Sunday, May 31, 2009

Don't Go There

Only 20 light years from here is a small star with a large Jupiter sized planet, and maybe an earth-like planet also orbiting around it.

Don't go there.

Why not, when we absolutely must go somewhere?

Because that star is too close to a phase, or has already gone through a phase, which our Sun will go through sometime in the future:
... more than seven out of 10 stars are small like this one, this could mean planets are more common than we thought ...

The planet's star, called VB 10, is tiny. It is what's known as an M-dwarf and is only one-twelfth the mass of our sun, just barely big enough to fuse atoms at its core and shine with starlight.
(Space).
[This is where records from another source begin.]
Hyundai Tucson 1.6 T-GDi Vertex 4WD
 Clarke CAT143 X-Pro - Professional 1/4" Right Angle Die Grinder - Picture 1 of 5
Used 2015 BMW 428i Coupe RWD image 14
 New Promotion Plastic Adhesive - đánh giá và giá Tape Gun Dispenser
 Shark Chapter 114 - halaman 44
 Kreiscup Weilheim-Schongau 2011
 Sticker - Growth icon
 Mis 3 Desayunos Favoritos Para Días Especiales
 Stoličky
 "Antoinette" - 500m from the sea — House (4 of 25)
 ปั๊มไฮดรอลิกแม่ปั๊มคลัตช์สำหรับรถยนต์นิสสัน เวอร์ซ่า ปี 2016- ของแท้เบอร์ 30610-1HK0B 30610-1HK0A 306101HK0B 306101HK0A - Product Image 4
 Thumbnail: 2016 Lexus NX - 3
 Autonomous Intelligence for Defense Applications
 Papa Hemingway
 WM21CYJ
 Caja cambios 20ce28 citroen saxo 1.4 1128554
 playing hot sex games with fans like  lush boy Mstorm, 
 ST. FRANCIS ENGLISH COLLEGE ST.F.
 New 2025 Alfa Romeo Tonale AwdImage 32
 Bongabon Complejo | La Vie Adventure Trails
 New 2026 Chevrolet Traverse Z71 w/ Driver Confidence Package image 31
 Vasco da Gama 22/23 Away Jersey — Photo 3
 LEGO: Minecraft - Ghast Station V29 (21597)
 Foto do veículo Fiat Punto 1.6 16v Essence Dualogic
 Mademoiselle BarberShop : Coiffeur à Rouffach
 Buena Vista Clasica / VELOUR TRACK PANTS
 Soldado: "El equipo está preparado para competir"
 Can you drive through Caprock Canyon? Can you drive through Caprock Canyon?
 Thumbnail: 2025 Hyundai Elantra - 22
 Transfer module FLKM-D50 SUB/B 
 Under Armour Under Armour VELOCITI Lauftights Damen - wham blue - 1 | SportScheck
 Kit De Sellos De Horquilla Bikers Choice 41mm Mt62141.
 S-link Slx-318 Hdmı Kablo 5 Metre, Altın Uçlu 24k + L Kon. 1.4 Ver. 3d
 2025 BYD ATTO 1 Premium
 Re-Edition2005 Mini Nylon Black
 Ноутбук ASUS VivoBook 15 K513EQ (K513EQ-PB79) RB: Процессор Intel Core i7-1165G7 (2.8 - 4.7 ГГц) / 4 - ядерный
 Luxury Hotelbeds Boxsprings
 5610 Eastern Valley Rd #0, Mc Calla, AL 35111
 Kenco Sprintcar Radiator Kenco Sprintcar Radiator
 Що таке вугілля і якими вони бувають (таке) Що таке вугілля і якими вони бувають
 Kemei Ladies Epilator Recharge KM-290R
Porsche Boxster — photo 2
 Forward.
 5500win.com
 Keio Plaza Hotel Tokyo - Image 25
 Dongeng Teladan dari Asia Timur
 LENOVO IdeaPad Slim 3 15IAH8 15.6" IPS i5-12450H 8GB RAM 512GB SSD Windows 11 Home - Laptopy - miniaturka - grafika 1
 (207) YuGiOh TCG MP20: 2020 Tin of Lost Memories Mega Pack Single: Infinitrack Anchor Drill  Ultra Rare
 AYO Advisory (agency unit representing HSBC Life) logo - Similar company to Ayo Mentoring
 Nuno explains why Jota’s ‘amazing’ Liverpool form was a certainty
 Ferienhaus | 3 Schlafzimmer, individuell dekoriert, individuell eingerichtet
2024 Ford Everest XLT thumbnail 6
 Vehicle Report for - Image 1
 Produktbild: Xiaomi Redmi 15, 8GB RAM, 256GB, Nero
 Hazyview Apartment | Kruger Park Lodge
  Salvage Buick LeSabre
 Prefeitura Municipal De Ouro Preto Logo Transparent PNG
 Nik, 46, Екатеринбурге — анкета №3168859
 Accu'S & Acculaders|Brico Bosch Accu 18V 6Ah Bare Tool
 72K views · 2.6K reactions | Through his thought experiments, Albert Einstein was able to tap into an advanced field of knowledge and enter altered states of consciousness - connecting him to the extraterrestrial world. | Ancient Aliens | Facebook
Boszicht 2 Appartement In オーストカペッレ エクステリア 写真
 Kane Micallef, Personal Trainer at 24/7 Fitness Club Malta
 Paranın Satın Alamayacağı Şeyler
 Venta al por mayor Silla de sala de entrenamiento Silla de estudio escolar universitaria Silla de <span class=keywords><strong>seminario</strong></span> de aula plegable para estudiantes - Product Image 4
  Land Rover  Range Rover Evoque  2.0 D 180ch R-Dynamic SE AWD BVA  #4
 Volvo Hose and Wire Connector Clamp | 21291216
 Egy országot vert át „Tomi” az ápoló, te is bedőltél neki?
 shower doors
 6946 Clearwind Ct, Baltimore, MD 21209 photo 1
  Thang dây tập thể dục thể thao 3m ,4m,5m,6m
There is a phase when a star becomes very small, which stars everywhere evidently go through sometime during their existence.

A phase during which our Sun will destroy the earth sometime before it becomes comparatively small during its process of stellar evolution.

We don't have enough time to go to those types of stars, even though there is an abundance of them.

We don't have enough time to learn to live in peace on this planet and develop the kind of travel in space that will be required.

We need a longer lasting future home world.

UPDATE: One reader from Dubuque, Iowa did not understand the sequencing the Sun will go through, confusing the destructive phases involved.

Full understanding requires contemplation of the Sun's expansion period, when it will become as large as the current orbit of Mars, as well as its contraction period, where it will shrink back down to a dwarf sized star. (The phase the dwarf star mentioned in the original text of the post is now in.)

Those who took the time to read the links in the post above will have understood that as being the reason not to go there. (Slacker students are the most vocal sometimes, and the one from Dubuque, Iowa who did not get it complained.)

Anyway, the second thing the slacker did not understand is that the time sequence graphic of the Sun, shown in the link in this update, has now become vague due to recent discoveries.

A new discovery has challenged our stellar life-cycle sequencing in a manner that indicates we no longer know how much time there is, in the sense that the Sun could enter latter phases billions of years before previously thought possible.

Thus, we must add more sense of urgency, as the original text in this post pointed out, to the concept of finding a new home world, even as we learn to properly care for this one.

The time available was once considered to be very liberal, but now we know the Sun could go into the destructive phase billions of years "early".